Por Rodrigo Ovejero
Vigesima Octava Entrega
La otra noche, en uno de esos sacrificios extraordinarios que uno hace en su carácter de padre, asistí a la muestra de danza de mi hija, esfuerzo de carácter anual. Por supuesto que cada vez que ella entró en escena me recordó que tengo corazón, pero desgraciadamente solo fueron tres minutos en un espacio de dos horas –asumo que a muchos les pasó lo mismo, prescindamos de la hipocresía-. Lo que me llevó a preguntarme acerca de muchas cuestiones durante los ciento diecisiete minutos en los que bailaban pequeñas desconocidas -de alguna manera había que pasar el rato- y la pregunta más recurrente fue por qué no me gusta la danza clásica –ni ninguna otra, para el caso-.
Mi primer contacto con el ballet fue a fines de los ochenta, viendo Top Secret (en mi opinión, la mejor comedia de la historia, y creo que ya lo he dicho en esta columna). Desde ese momento jamás pude tomarlo en serio. El recuerdo sobre este arte ha quedado para siempre relacionado a esa función absurda a la que asiste Nick Rivers, en la que una bailarina realiza una muestra de destreza hilarante aprovechando la generosa anatomía de los bailarines. La escena, si no la recuerdan o no la vieron –me consta que hay gente que ha llevado adelante una vida feliz sin ver esta película, por difícil que resulte creerlo-, puede encontrarse en internet, lo que me exime de mayores descripciones.

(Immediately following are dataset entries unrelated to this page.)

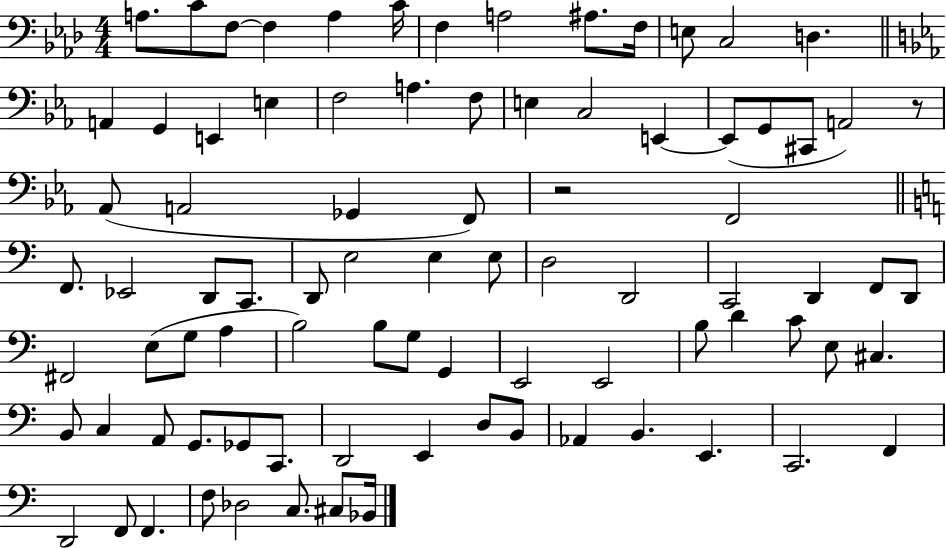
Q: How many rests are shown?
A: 2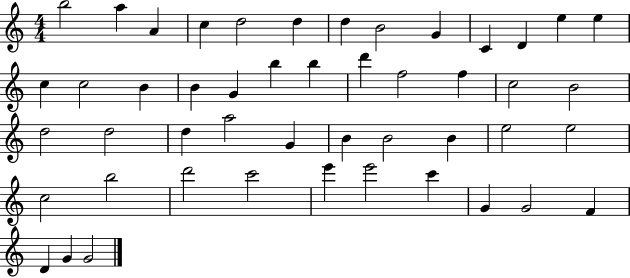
B5/h A5/q A4/q C5/q D5/h D5/q D5/q B4/h G4/q C4/q D4/q E5/q E5/q C5/q C5/h B4/q B4/q G4/q B5/q B5/q D6/q F5/h F5/q C5/h B4/h D5/h D5/h D5/q A5/h G4/q B4/q B4/h B4/q E5/h E5/h C5/h B5/h D6/h C6/h E6/q E6/h C6/q G4/q G4/h F4/q D4/q G4/q G4/h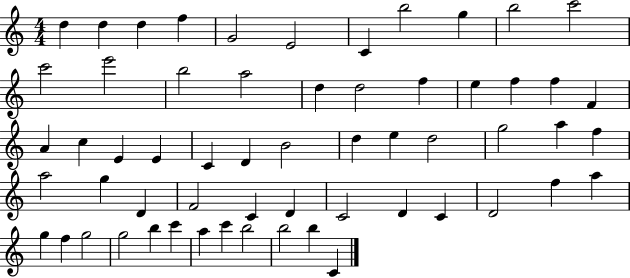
{
  \clef treble
  \numericTimeSignature
  \time 4/4
  \key c \major
  d''4 d''4 d''4 f''4 | g'2 e'2 | c'4 b''2 g''4 | b''2 c'''2 | \break c'''2 e'''2 | b''2 a''2 | d''4 d''2 f''4 | e''4 f''4 f''4 f'4 | \break a'4 c''4 e'4 e'4 | c'4 d'4 b'2 | d''4 e''4 d''2 | g''2 a''4 f''4 | \break a''2 g''4 d'4 | f'2 c'4 d'4 | c'2 d'4 c'4 | d'2 f''4 a''4 | \break g''4 f''4 g''2 | g''2 b''4 c'''4 | a''4 c'''4 b''2 | b''2 b''4 c'4 | \break \bar "|."
}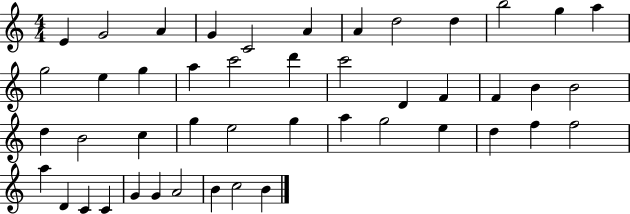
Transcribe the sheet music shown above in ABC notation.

X:1
T:Untitled
M:4/4
L:1/4
K:C
E G2 A G C2 A A d2 d b2 g a g2 e g a c'2 d' c'2 D F F B B2 d B2 c g e2 g a g2 e d f f2 a D C C G G A2 B c2 B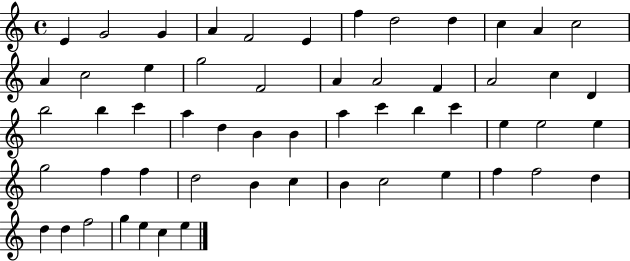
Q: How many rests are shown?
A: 0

El caso, de todas formas, es que Top Secret eligió por mí, descarté por completo practicar danza o cualquier tipo de baile por una película (fue un acierto, de todos modos, no he sido bendecido con el don del movimiento). Y el hecho de que me haya alejado para siempre de una actividad resulta, cuanto menos, intrigante ¿Me habría gustado el ballet si no hubiera visto esa película de niño? ¿Ha tenido Top Secret responsabilidad en una aparente disminución de la popularidad de esta disciplina?
Y la otra pregunta, no menos inquietante ¿Cuántas de mis elecciones fueron en realidad impuestas de esta manera? En los ochenta y noventa nos criaron la calle y los videocasetes, muchas de nuestras taras se explican por esta causa. Vivimos una niñez voluble, salíamos del cine dispuestos a replicar las proezas que veíamos en pantalla, apasionados por alguna actividad de la que no teníamos noticia dos horas antes. Traté de aprender karate por Karate Kid y hostigué a mis padres para que me compraran una “bicicross” por un film que no me he atrevido a revisar porque lo intuyo vergonzoso (su título era Los bicivoladores, y era una estafa total: no volaban). Tengo un amigo con un pasado oscuro en las redes del “breakdance” a raíz de la popularidad de Fama. Y en otras ocasiones, nuestra recién adquirida pasión chocaba violentamente contra el muro de la realidad: cuando terminé de ver Punto Límite estaba decidido a dominar el arte del surf, pero luego recordé amargamente que vivía en Catamarca.